New Emoji Are So Boring—but They Don't Have to Be

A new data set on the popularity of emoji reveals a problem with Unicode's approval process, along with a way to fix it.
thinking face emoji
Photograph: Unicode 

If you've been unenthused about the emoji of recent years, you're not alone. A flashlight? A toolbox? A fire extinguisher? A tin can? Who even uses these?

The emoji set to appear on your phone next year are similarly dismal. A screwdriver, a toothbrush, a bell pepper—seriously, what is this, a shopping center? When you think of emoji, you don't think of a laundry list of random objects. You think of iconic, sometimes weird, expressive faces, like the face with tears of joy, the thinking face, the angry devil, the smiling pile of poo, and the see-no-evil monkey, plus classic symbols like the thumbs-up and the heart. But the latest batch includes just three new faces and one new hand shape, compared with 49 new objects, from a roller skate and a rock to a plunger.

The reason for this slide into irrelevance? The Unicode Consortium—the organization in charge of determining which symbols our devices are supposed to recognize—has increasingly been measuring the wrong thing in the process of approving new emoji.

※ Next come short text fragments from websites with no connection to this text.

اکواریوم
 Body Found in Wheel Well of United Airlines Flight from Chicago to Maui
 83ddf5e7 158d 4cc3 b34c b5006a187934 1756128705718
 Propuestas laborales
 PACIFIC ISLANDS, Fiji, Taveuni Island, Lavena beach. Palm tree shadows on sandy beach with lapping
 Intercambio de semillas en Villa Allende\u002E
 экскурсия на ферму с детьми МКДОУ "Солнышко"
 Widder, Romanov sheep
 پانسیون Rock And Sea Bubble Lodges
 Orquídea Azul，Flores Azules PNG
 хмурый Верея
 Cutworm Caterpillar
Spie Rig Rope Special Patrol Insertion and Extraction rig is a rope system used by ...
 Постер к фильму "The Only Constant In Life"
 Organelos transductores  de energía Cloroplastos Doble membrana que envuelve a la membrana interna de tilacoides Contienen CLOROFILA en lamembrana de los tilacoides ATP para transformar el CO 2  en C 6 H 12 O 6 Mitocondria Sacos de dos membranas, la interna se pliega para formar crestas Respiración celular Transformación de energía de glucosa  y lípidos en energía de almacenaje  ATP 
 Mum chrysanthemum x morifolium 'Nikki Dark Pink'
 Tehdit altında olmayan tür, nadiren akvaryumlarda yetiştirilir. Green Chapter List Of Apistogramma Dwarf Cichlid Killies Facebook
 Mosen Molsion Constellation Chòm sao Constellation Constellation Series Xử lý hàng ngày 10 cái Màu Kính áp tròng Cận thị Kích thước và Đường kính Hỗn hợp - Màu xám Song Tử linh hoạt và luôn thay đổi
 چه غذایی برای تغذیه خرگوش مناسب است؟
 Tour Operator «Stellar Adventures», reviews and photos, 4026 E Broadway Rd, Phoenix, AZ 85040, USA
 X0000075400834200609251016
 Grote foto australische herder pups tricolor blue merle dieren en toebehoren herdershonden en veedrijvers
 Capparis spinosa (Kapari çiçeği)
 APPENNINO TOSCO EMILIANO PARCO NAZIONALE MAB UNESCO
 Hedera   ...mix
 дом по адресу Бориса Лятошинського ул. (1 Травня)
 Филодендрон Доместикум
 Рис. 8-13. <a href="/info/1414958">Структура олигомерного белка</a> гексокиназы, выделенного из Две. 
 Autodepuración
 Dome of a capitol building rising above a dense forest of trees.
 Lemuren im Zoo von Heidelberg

No one intends to encode boring emoji, of course. Unicode has three main criteria, and one of them is, "Is there substantial evidence that a large number of people will likely use this new emoji"? Sounds good in theory, but what actually is "substantial evidence"? Unicode doesn't consider emoji data that comes from petitions, corporate sponsorship, or nonpublic data sources, judging them too easy to manipulate. After it encoded the original set of emoji from Japanese cell phone carriers, Unicode started looking to search results: If you submit a proposal for a new emoji, you need to provide screenshots showing how many web pages are found when you search for its associated word or phrase on Google, Bing, and Google Video Search, plus Google Trends.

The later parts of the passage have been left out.